On the other side of the couch, Ben held a wine glass between two fingers and talked a mile a minute. Phil, beside him, looked both long-suffering and amused.

“…and I try to follow along, I promise, but there are things I do not and will never understand about this game. Like, when you were in Chicago, right? That hit against Howie—whatshisface, the tall Russian guy?”

“Denisov is Tatar,” Dmitriyev said with a scowl. Whether Denisov caused his displeasure or he was moping about his lover, Luca could only guess.

“Sure.” Ben waved a hand. “I read four different Reddit threads about that hit, and no one could agree whether or not it was dirty. How is anyone supposed to know?”

“It was dirty,” Phil said. Luca and Tom agreed.

Mooney winced.

“You don’t think so?” Luca asked.

Mooney made a weighing motion with his hands. “Howie had his head down. If he’d seen it coming…”

“I did not have my head down!” Howie sat on the floor, leaning against the couch. Luca could see the glitter on his neck. “I was looking straight ahead, and he came from the side. I looked at the ice for a second—”

“Yeah, you looked down, bro!”

“Denisov had it out for him, not the puck,” Luca argued. “In the third period—”

“Yeah, but the hit wasn’t in the third period,” Mooney said smugly. His hand rested on Mara’s thigh, playing with her fingers.

Luca’s blood boiled. Anger at himself for wanting things he couldn’t have already heated him up; disappointment at giving them up and frustration with the whole situation compounded his irritation. An argument was precisely what he needed.

“My point exactly,” Ben interjected before Luca could start. “You guys are professionals, you’re on Howie’s team, and it’s still a matter of opinion. And the journalists on the sports beat make it worse. This is why I spent so long avoiding jobs where you stay in the same place.”

“Why?” Tom asked. Far from being insulted by his sport being maligned, he seemed amused.

Luca could grant it was funny to see buttoned-up, grumpy Coach Morris a little inebriated.
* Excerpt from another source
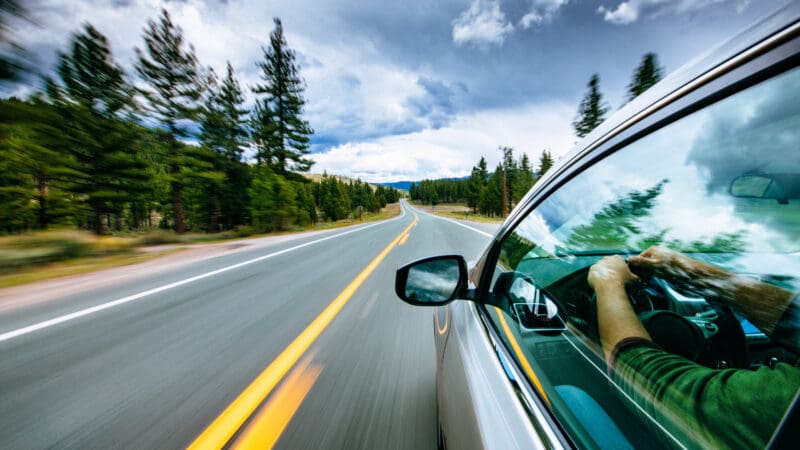 Close-up side view of a car driving at speed on a tree-lined highway
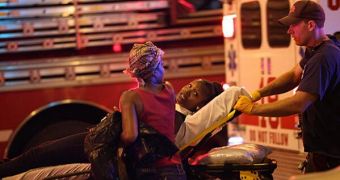 EMTs transport victims after a shooting on Chicago's South Side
“American media has this weird insistence on always showing both sides of an issue.”

Frowning, Luca asked, “But that is good, no? Otherwise, you are reading propaganda.”

“It’s fine when both sides are legitimate, but American media isn’t interested in quality control.

Look at the hit on Howie! You’ve got sports broadcasters discussing whether Denisov should have gotten a major penalty or even a game misconduct.

But then they also have to hear from some old guy in Muskoka who thinks hockey is a sport for real men, and back in his day, everyone could take their hits and like it. ”

Luca snorted around his sip of the gin and tonic Howie had pressed into his hands. It wasn’t an inaccurate picture of sports media.

“Watch it,” Howie said mildly. “The old guy in Muskoka is my grampa.”

Heedless of the interruption, Ben took another big gulp from his wine glass, after which Phil pried it out of his hand.

“And that’s sports! It’s so much worse in politics!

It’s like, here, let’s get an opinion from this one old white guy who thinks maybe it’s okay for gay people to have equal rights as long he doesn’t have to talk to any.

But our news segment is not complete without also hearing from Arty McFartface, octogenarian owner of a private gun range in Florida, who thinks all gay people have AIDS, and women shouldn’t have the right to vote. ”

Beside Luca, Mara shook with poorly suppressed laughter, and he had to admit to being amused as well, some of his grouchiness dissipating.

“Okay,” Phil said. “I mean, you’re not wrong, but maybe go easy on the wine, babe. No one here disagrees with you. Except about the hit on Howie, maybe.”

From the corner of his eye, Luca spotted Hayes looking up from his phone and mouthing, Babe?

Luca’s entire body clenched up.

He was not ready for this team fight. He’d barely come around to the idea that he ought to make an effort to get along with the team.

If Hayes continued to be a bigoted shithead, Luca wouldn’t be able to keep it up, not when he now knew that he had to stop suppressing half his identity and pretending it was enough.

How could he get along with the team when the team wouldn’t get along with him?

No wonder Chris worried so much about fights.

Thankfully, or perhaps not thankfully, Howie chose that moment to say, “Lighten up, man. The media might suck here, but at least we’re not in Russia.”